Last week, we looked at network-attached storage: NFS, AFS, and Coda. Those systems are fundamentally about making a file server’s storage accessible over a network. They work well for workloads measured in gigabytes and users in the thousands, but they share a structural limit: there is one server (or a small cluster) that owns the data. Everything flows through it.

This week asks a different question. What happens when the data is so large, or the read load so intense, that no single server can handle it? The answer is to stop thinking about a “file server” and start thinking about a storage system made of thousands of cooperating nodes, where data is spread across all of them.

Part 1: The Google File System

The Problem GFS Was Trying to Solve

By the late 1990s, Google was running web crawlers, building inverted indexes, and performing large-scale log analysis. The data volumes involved were in the hundreds of terabytes and growing. The workload had a specific character: files were enormous (often multi-gigabyte), written once and read many times, reads were mostly sequential rather than random, and many clients simultaneously appended to shared files.

None of the existing file systems handled this well. NFS was designed for small files and interactive use. AFS optimized for whole-file caching but was not built for 100-node parallel jobs. Local file systems on individual servers could not hold the data at all. Google needed something new, and in 2003, a team of Google engineers published the Google File System paper describing what they built.

The GFS design makes a set of deliberate bets. Commodity hardware will fail constantly; fault tolerance must be automatic and built in. Files will be large; optimizing for small files is a wasted effort. Appending to existing files is common; random overwrites are rare. Throughput matters more than latency. With those bets in place, a clean architecture follows.

GFS Architecture

A GFS deployment consists of a single master and many chunkservers, with clients that talk to both.

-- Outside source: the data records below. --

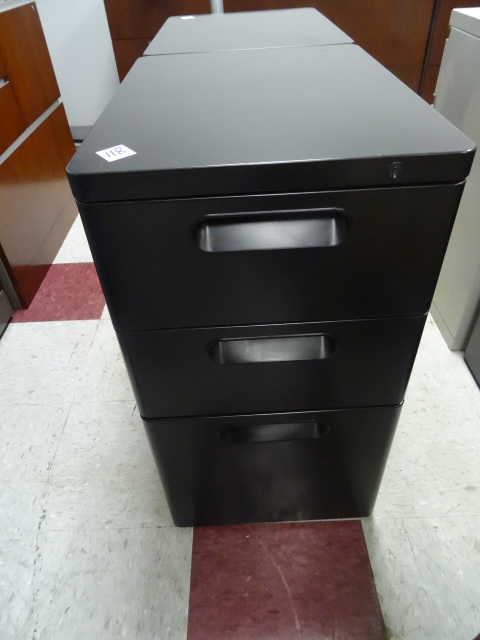 3 Drawer Metal Cabinet 15 X 20 X 26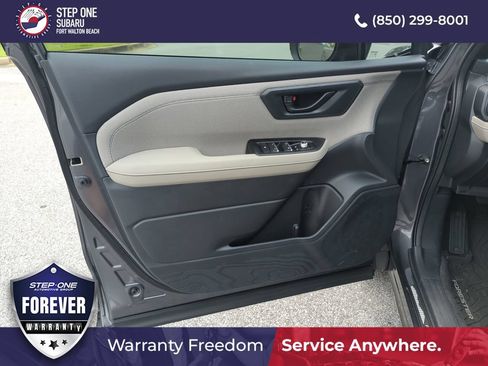 Used 2026 Subaru Forester Premium AWD/4WD image 18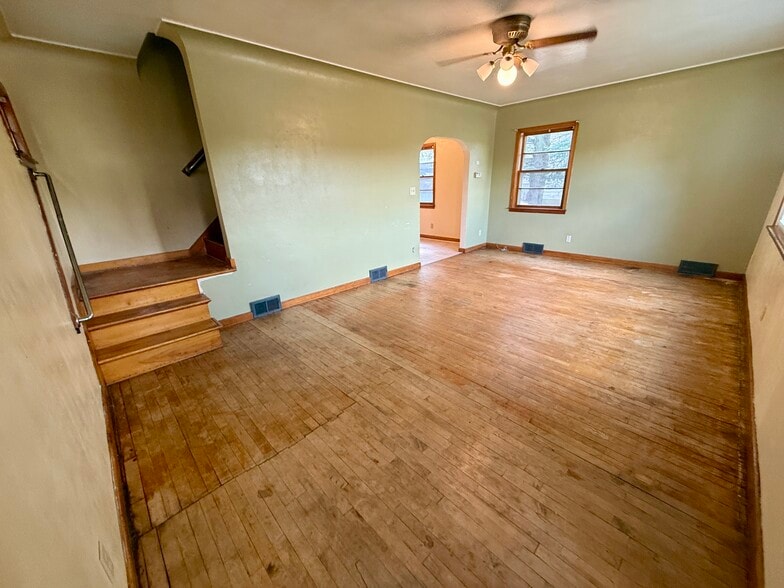 Building Photo - 1024 Heights St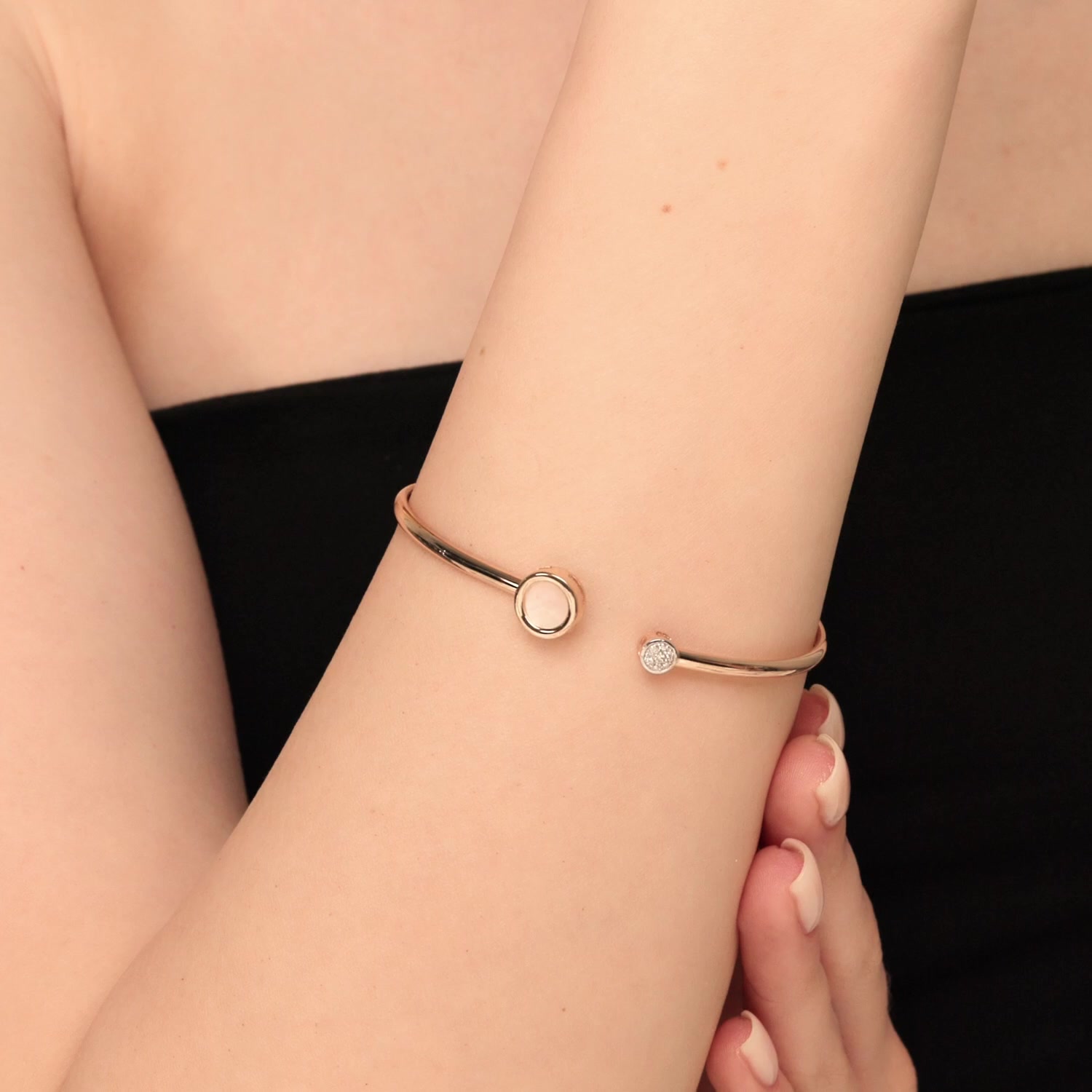 Золотой браслет с перламутром и бриллиантами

Files are divided into fixed-size chunks of 64 MB each. Each chunk is identified by a globally unique 64-bit handle assigned by the master at creation time. Chunks are stored as ordinary Linux files on chunkserver disks. Each chunk is replicated on multiple chunkservers; the default replication factor is three.

The master maintains all file system metadata. This includes the namespace (the directory tree), the mapping from file names to the list of chunks that compose each file, and the locations of each chunk replica. It also manages access control information and chunk lease assignments.

Chunk locations are a special case. The master does not write chunk locations to disk. Instead, it polls all chunkservers at startup and whenever a new chunkserver joins the cluster. Chunkservers report which chunks they hold. This is has a startup overhead but is easier than trying to keep the master’s view consistent with chunkserver reality across crashes and restarts.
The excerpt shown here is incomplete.